Tension On The Klamath Basin Border

Klamath River photo by Guy Smith/CDFW

The Sacramento Bee has a good piece on the tension going on among multiple parties regarding Klamath Basin water rights:

Now the stage is set for another round of conflict on the Klamath River, the result of a dry winter and a court ruling by a federal judge in San Francisco.

In late April, Judge William Orrick, siding with Indian tribes and commercial fishermen, ruled that a significant share of water that farmers needed for their spring planting is going downstream to aid troubled fish populations.

A few days later, the farmer-run Klamath Irrigation District, in a letter from their attorney, told the federal government that it planned to open the gates on a government-owned canal in southern Oregon. That would allow Klamath water to flow onto onion, potato and wheat fields in time for planting season.

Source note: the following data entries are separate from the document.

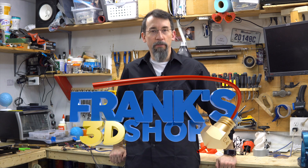Hi everybody and welcome to Frank's 3D Shop. Today let's look at what I've printed for the Valentine's Day 3D special.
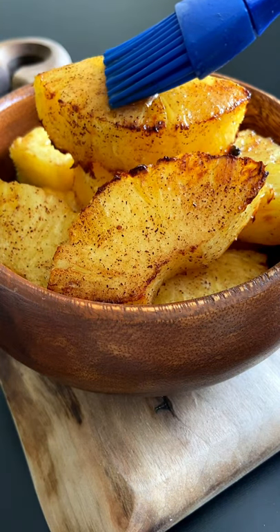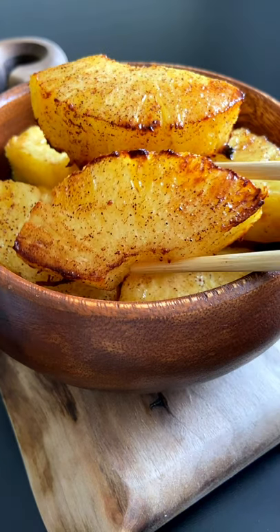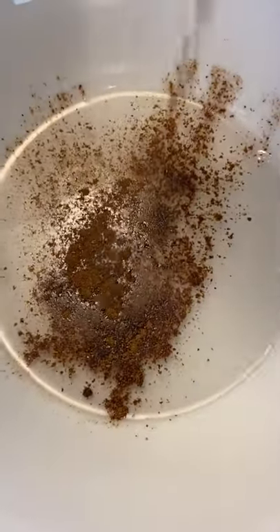This is what I call nature's candy: air fried pineapple drizzled in the most delicious cinnamon coconut topping. So good! Let's go. Cut your pineapple into pieces just like this, then melt a little bit of coconut oil on the stove.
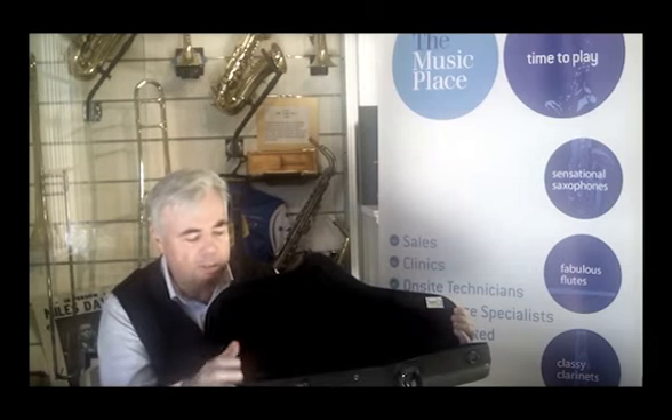They come in a wide variety of colours. They have a zipper closure, so a really good seal there. You won't have any issues with it closing properly.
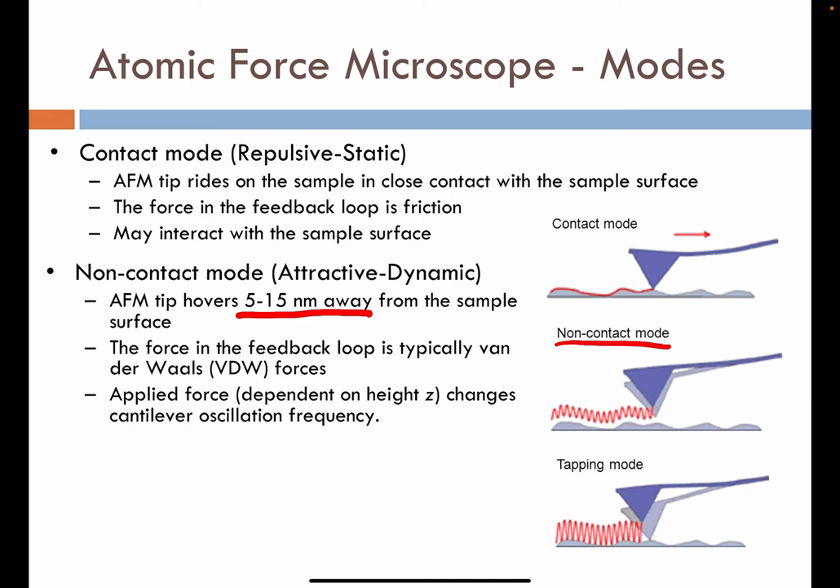The applied force between the cantilever and the surface depends on the height — the distance between the cantilever tip and the surface. We can also register changes in the cantilever oscillation as that force manipulates the pattern of the sinusoidal-type curve used to track the positioning of the cantilever.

http://www.sacbee.com/news/state/california/water-and-drought/article210634429.html#storylink=cpy
The story has a little more on how the river system’s fish population are affected by this mess:

The Bureau of Reclamation operates a network of dams, pumps and canals known collectively as the Klamath Project. The region covers about 200,000 acres of land on both sides of the border, serving several hundred farmers.

In 2017, Judge Orrick in San Francisco ordered Reclamation to use more of the Klamath’s waters to flush out a lethal parasite called C. shasta, which has devastated fish populations.

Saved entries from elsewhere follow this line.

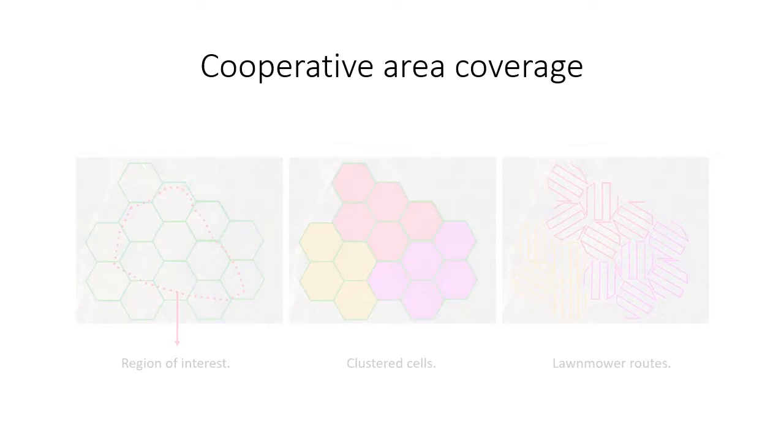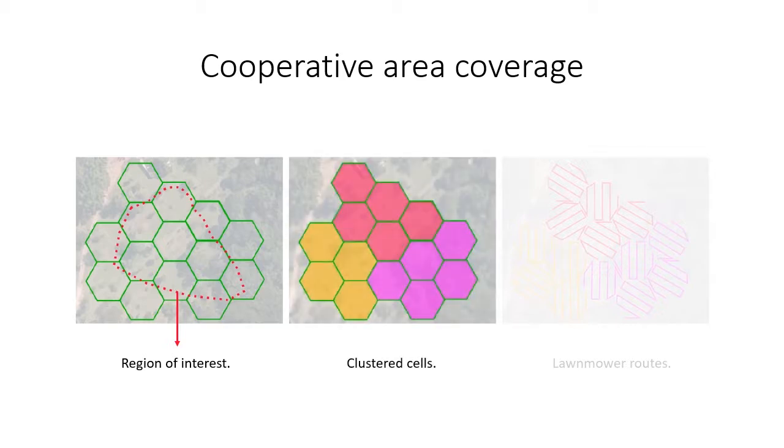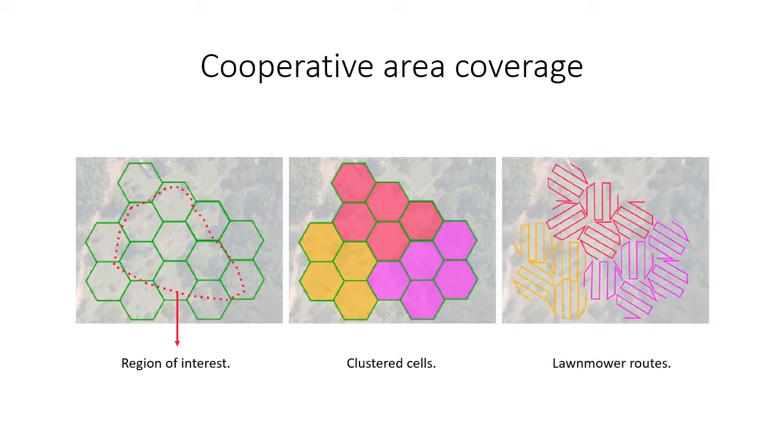The cooperative area coverage strategy consists of basically three steps. First, we generate a hexagon grid over the region of interest. Next, the hexagons are clustered using k-means. Each cluster can be assigned to a robot. Finally, we generate lawn-mower routes for every cell.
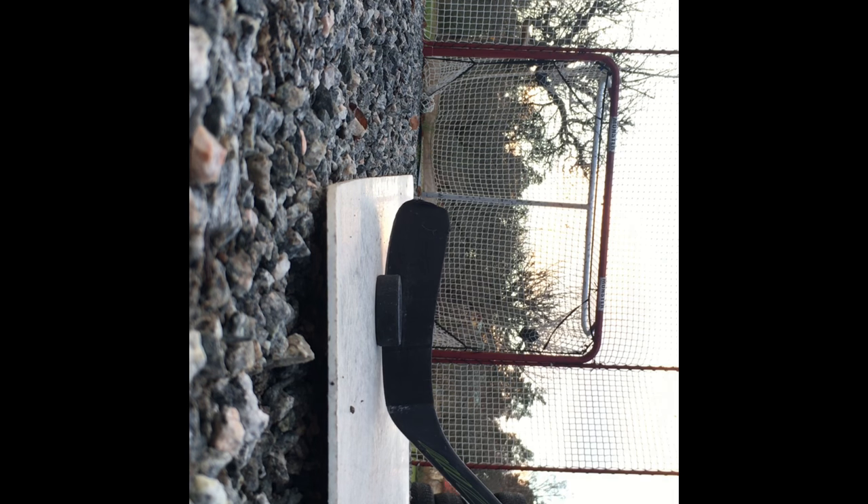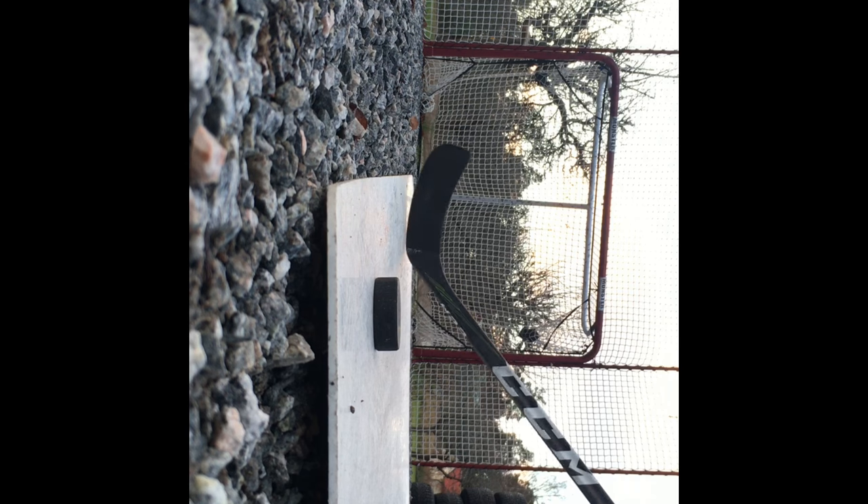Hello everyone, this is a whole new video. I'm going to help on YouTube, so we're going to do it first, because we're going to play hockey. So that's what we're going to do.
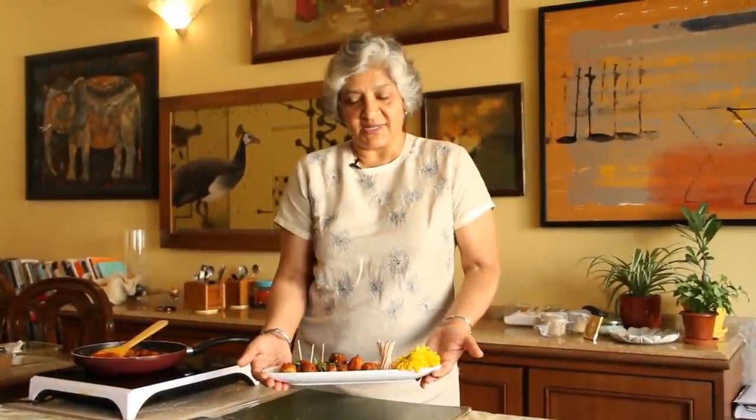Today we have made this as an appetizer, but of course you can use it as an aloo ki sabzi to be served with your paratha or rotis.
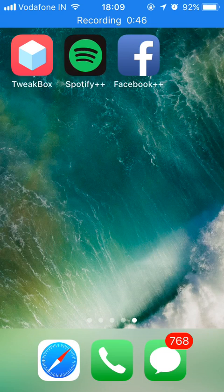If you want to know how to install TweakBox, please go to the description where you will find a link to a video where I have shown how to install TweakBox on your device. Please check it out, and once you install TweakBox come back to this video. So let's get started.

Orrick’s ruling was a major victory for the Hoopa Valley, Karuk and Yurok, California’s three largest Native American tribes, whose economies rely heavily on salmon fishing in the Klamath’s and Trinity’s lower reaches. Although it isn’t harmful to humans, C. shasta killed much of the threatened juvenile coho salmon population during the recent five-year drought.

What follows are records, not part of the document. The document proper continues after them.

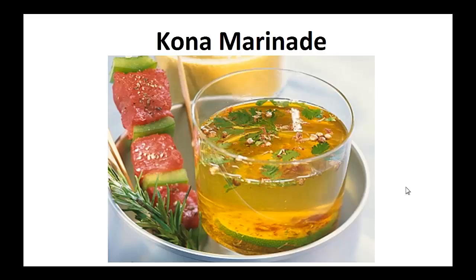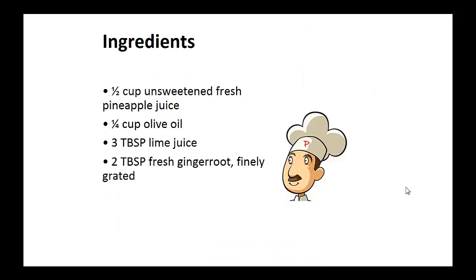Now on to the recipe — the Kona marinade. Ingredients: half cup of unsweetened fresh pineapple juice, one quarter cup of olive oil, three tablespoons of lime juice, two tablespoons of fresh ginger root finely grated.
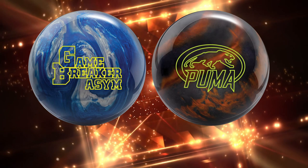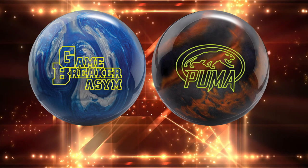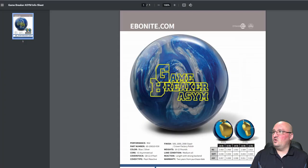What is going on bowlers, Chris Beans here with Bowlers Ramp bringing you two new updates from Ebonite Bowling. We've been talking about lots of new releases from the brands of Brunswick on the road to Bowl Expo. In this video we're talking about the two releases announced from Ebonite coming stateside — let's take a look at them. We've got the Game Breaker Asim and the Puma. Let's jump into the specs.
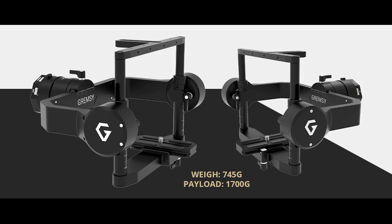Gramsci has introduced the T3V3, a two-axis gimbal solution for the enterprise, offering a smaller, lightweight solution with longer flight times.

The drought and a separate disease also plagued another salmon species vital to the tribes, the Chinook. For the first time in history, so few adult Chinook returned to spawn last year that the tribes had to forgo their fall fishing season. The fish are so important to the river tribes’ cultural identities and their impoverished communities, tribal health officials were worried about suicide outbreaks.